--- PROMPT ---
Since the records include pictures, leave those out while you reproduce exactly and only the lines from the one containing "May include: Dark" through the one containing "a red convertible", inclusive.

--- DATA PROVIDED ---
───
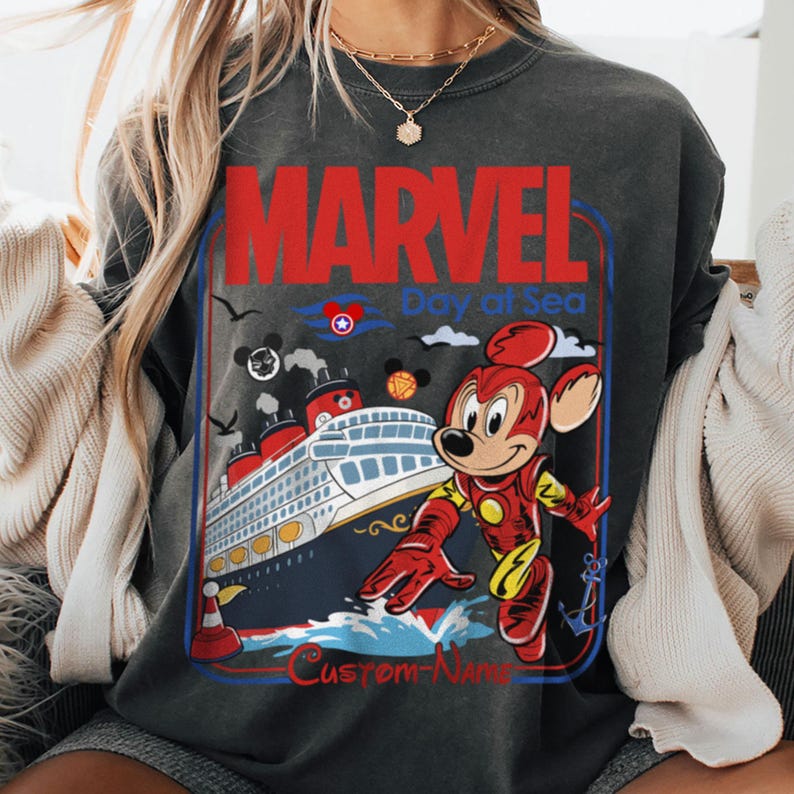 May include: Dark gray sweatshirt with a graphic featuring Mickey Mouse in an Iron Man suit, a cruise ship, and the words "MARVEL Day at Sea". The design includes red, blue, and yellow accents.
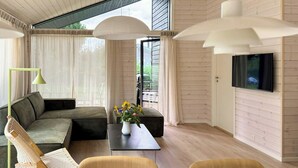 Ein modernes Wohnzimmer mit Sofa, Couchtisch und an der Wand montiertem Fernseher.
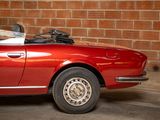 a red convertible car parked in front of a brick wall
───
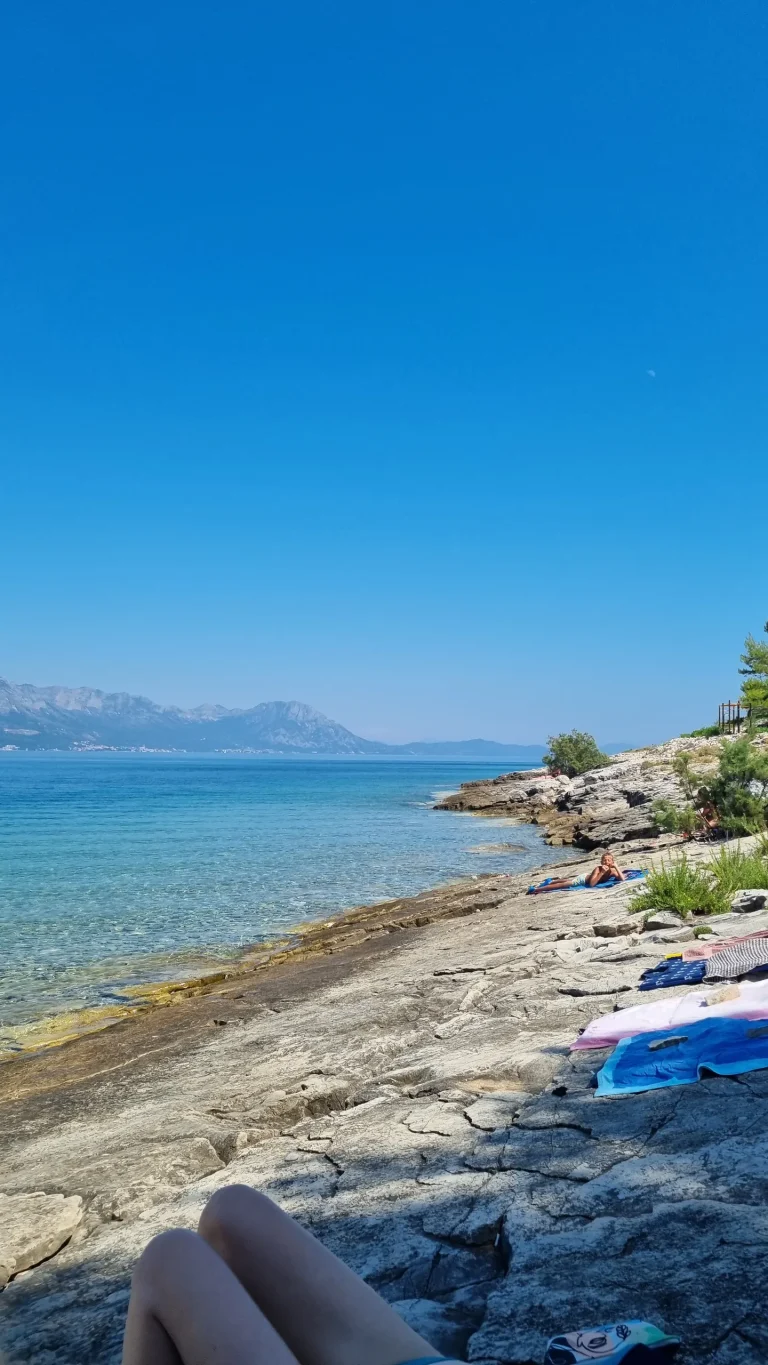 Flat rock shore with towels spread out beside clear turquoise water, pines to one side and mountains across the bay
───
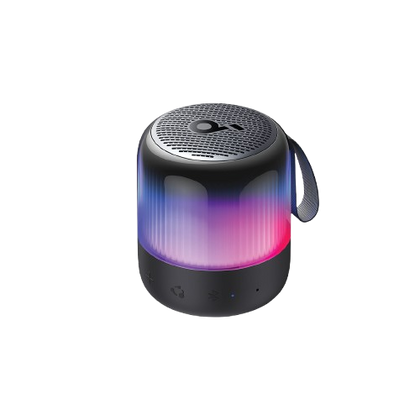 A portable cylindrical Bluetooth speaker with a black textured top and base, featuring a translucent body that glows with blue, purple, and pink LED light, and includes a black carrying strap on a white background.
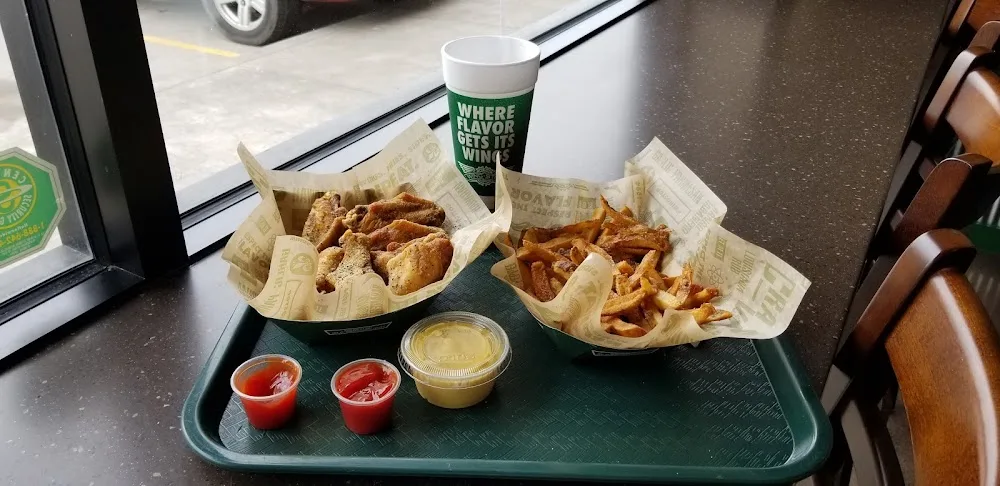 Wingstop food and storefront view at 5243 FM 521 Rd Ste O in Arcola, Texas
───
--- WRITTEN REPLY ---
 May include: Dark gray sweatshirt with a graphic featuring Mickey Mouse in an Iron Man suit, a cruise ship, and the words "MARVEL Day at Sea". The design includes red, blue, and yellow accents.
 Ein modernes Wohnzimmer mit Sofa, Couchtisch und an der Wand montiertem Fernseher.
 a red convertible car parked in front of a brick wall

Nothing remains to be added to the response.